The object type (gene, transcript, protein, protein_complex, etc.) listed in the DB_Object_Type field must match the database entry identified by the DB_Object_ID. Note that DB_Object_Type refers to the database entry (i.e. it represents a protein, functional RNA, etc.); this column does not reflect anything about the GO term or the evidence on which the annotation is based.

Taxon

The NCBI taxon ID of the species encoding the gene product.
This field is mandatory, cardinality 1.
The taxon should be specified as a number with the prefix “taxon”.

Parent_Object_ID

If the DB_Object_ID refers to a variant of a gene product, this column will hold the identifier of the gene product from which it was derived.
This field is mandatory, cardinality 1, when variant forms of a gene product (e.g. identifiers that specify distinct proteins produced by differential splicing, alternative translational starts, post-translational cleavage or post-translational modification) are represented in DB_Object_ID. If the DB_Object_ID refers to the canonical form of a gene product, this column should be blank.
The identifier used must be a standard 2-part global identifier, e.g.
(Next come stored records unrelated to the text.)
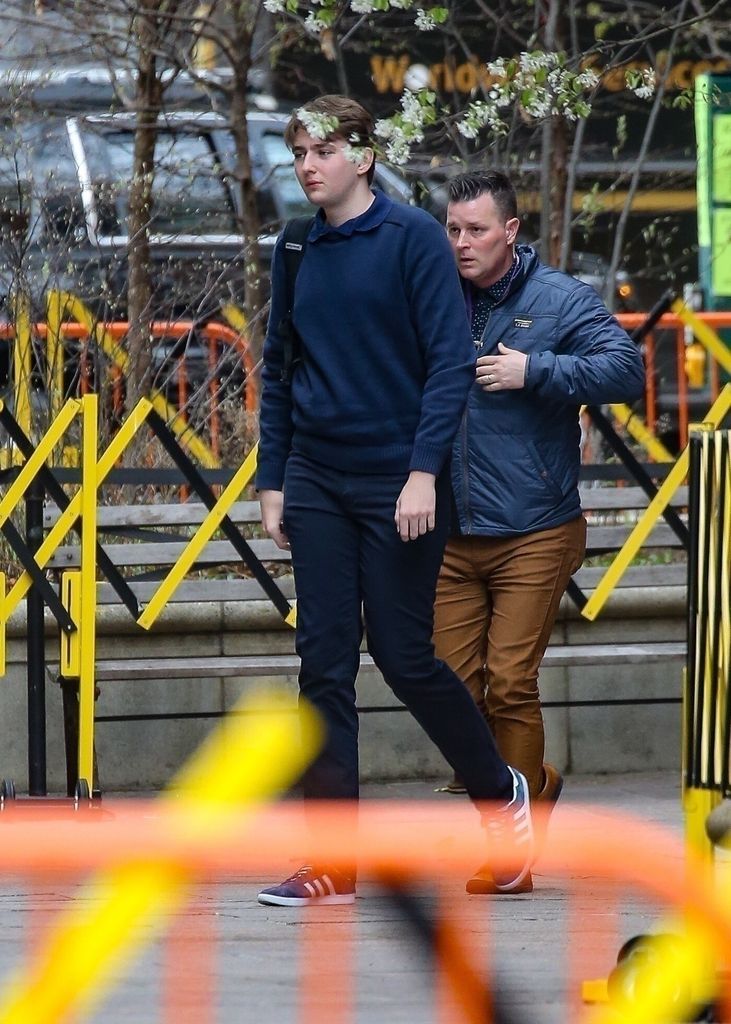 Going incognito in NY walking with security behind him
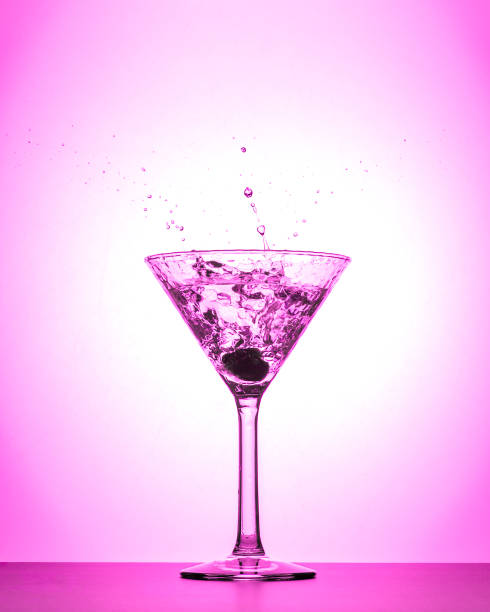 cocktail martini spruzzo di vetro su sfondo sfumato bianco e rosa isolato - vertical studio shot indoors pink foto e immagini stock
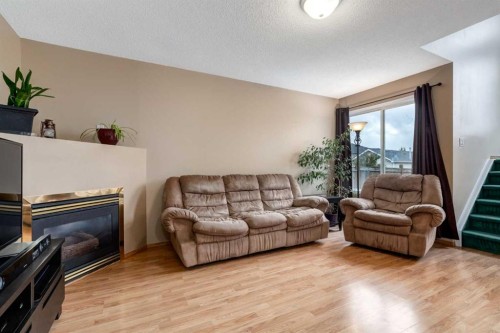 168 Mt Apex Green Se, Calgary, AB - Indoor Photo Showing Living Room With Fireplace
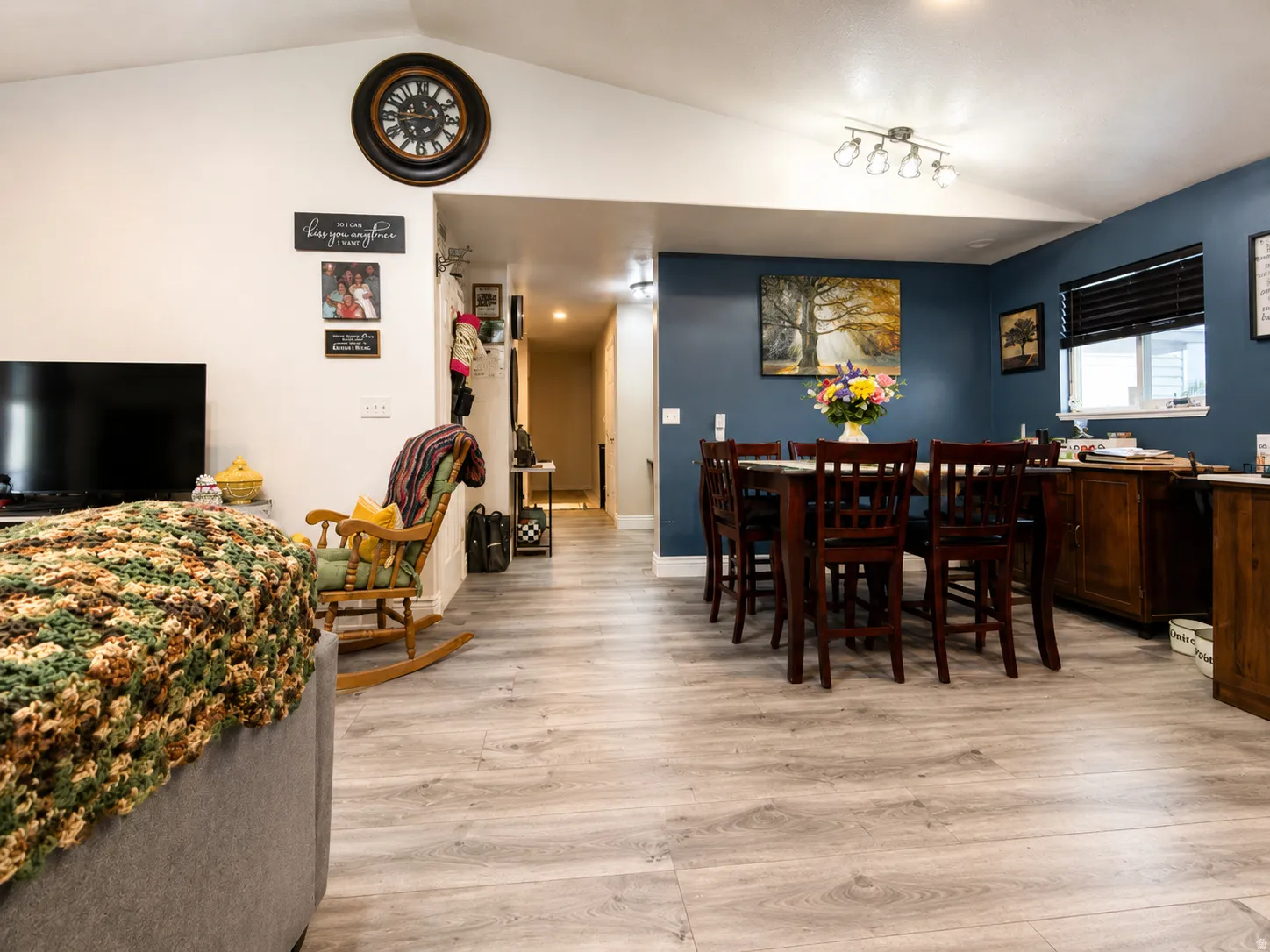 Vaulted ceiling, recessed lighting, accent wall, track lighting fixture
UniProtKB:OK0206 The entity in the Parent_Object_ID column may not necessarily be the canonical form of the gene product; the canonical form would be identifiable as an entry for that gene product in the GPI file that would have the Parent_Object_ID blank.

DB_Xrefs

Identifiers for the object in DB_Object_ID found in other databases.
This field is optional, cardinality 0+; multiple identifiers should be pipe-separated.
Identifiers used must be a standard 2-part global identifiers, e.g. UniProtKB:OK0206 This column should be used to record IDs for this object in other databases; for gene products in model organism databases, this must include the UniProtKB ID, and may also include NCBI gene or protein IDs, etc.

Properties

This field is optional, cardinality 0+; multiple properties should be pipe-separated.
The Properties column can be filled with a pipe separated list of values in the format “property_name = property_value”. There is a fixed vocabulary for the property names and this list can be extended when necessary. Supported properties will include: ‘GO annotation complete’, “Phenotype annotation complete’ (the value for these two properties would be a date), ‘Target set’ (e.g. Reference Genome, Kidney etc.), ‘Database subset’ (e.g. Swiss-Prot, TrEMBL).